A few days later, on April 29, Mojtaba Rahmandoost, the MP who drafted the Promotion of Virtue bill, delivered a speech during a weekly Ansar-e Hezbollah meeting, that reflected the group’s role in pushing forward legislation on the issue. Rahmandoost stressed,
“Promoting virtue and preventing vice should become a more popular practice. When have we seen people come to the streets (to protest) problems with (lack) of chastity and hijab? I’m not denying the responsibility of the government. Officials too must do their duty. I do not wish to talk about what I have done, but recently at Parliament’s Social Affairs Committee, we formed a chastity and hijab commission and invited the Ministry of Interior, Ministry of Welfare, and Chastity and Hijab Foundation to participate. We are about to take some steps but they won’t be enough to solve the problem.”
Indicating growing public confidence, Ansar-e Hezbollah sent its forces onto the streets, to Fatemi Square in Tehran, on May 7, 2014, in the group’s first demonstration against women’s alleged non-conformity with hijab. The protesters did not have a permit, a requirement in practice in Iran, but it was held nonetheless. ANA news agency reported, “Even though Tehran Governor’s Office announced that they had not issued a permit for a demonstration in front of the Ministry of Interior, more than a thousand people gathered in the west wing of Fatemi Square and chanted slogans. Later, the protesters began walking towards Vali Asr Square.” The report added, “The presence of police was unnoticeable. However, Hossein Allah-Karam, a member of the group known as Ansar-e Hezbollah was present and talked to Tehran Police Chief Sajedinia.” According to ANA, some of the chants included, “Men! Where is your wife’s hijab? And Men! Where is your manhood?”
The Judiciary’s spokesperson, Gholamhossein Mohseni Ejei, publicly defended the protest, stating on May 19, “We have to ask whether the Judiciary, the police, the Ministry of Guidance, and other bodies have been successful in this regard or not? Has the prosecutor, as the public defender, been able to act to protect the hijab in every province? If we respond (properly) to these kinds of concerns, there will be no need for people to demonstrate.”

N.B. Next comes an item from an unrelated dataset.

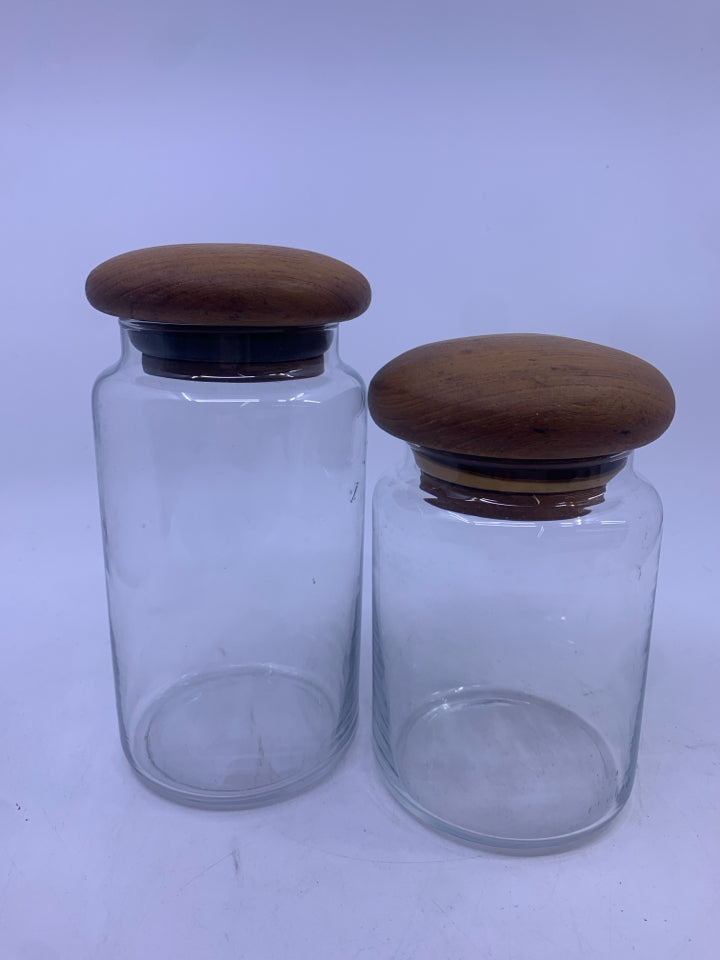 2 VTG CLEAR GLASS CANISTERS-WOOD TOPS.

On May 20, 2014, Ansar-e Hezbollah’s website asserted, “We must stress that the era of ineffective protests are over; the kind of protests that only further provoked our enemies and norm-breakers. What is needed now is for Hezbollah to enter this fight and directly deal with these violators.”
That month on its official website the group issued a statement titled, “Hezbollah’s Countdown for Ending Nudity and Lack of Hijab” which asserted: “(Hezbollah forces) have come to warn that they are preparing for a widespread operation to end nudity and lack of hijab. We are issuing this warning due to the fact that the problem of (lack of conformity with) the hijab in public places has become worse and anti-revolutionaries have intensified their recent operation to officially get rid of the hijab.”
On July 3, 2014, Ansar-e Hezbollah reported that it had begun taking action. The group’s official website stated, “On June 22, the first motorcycle patrol unit for promoting virtue and preventing vice [was] dispatched to the streets of Tehran.”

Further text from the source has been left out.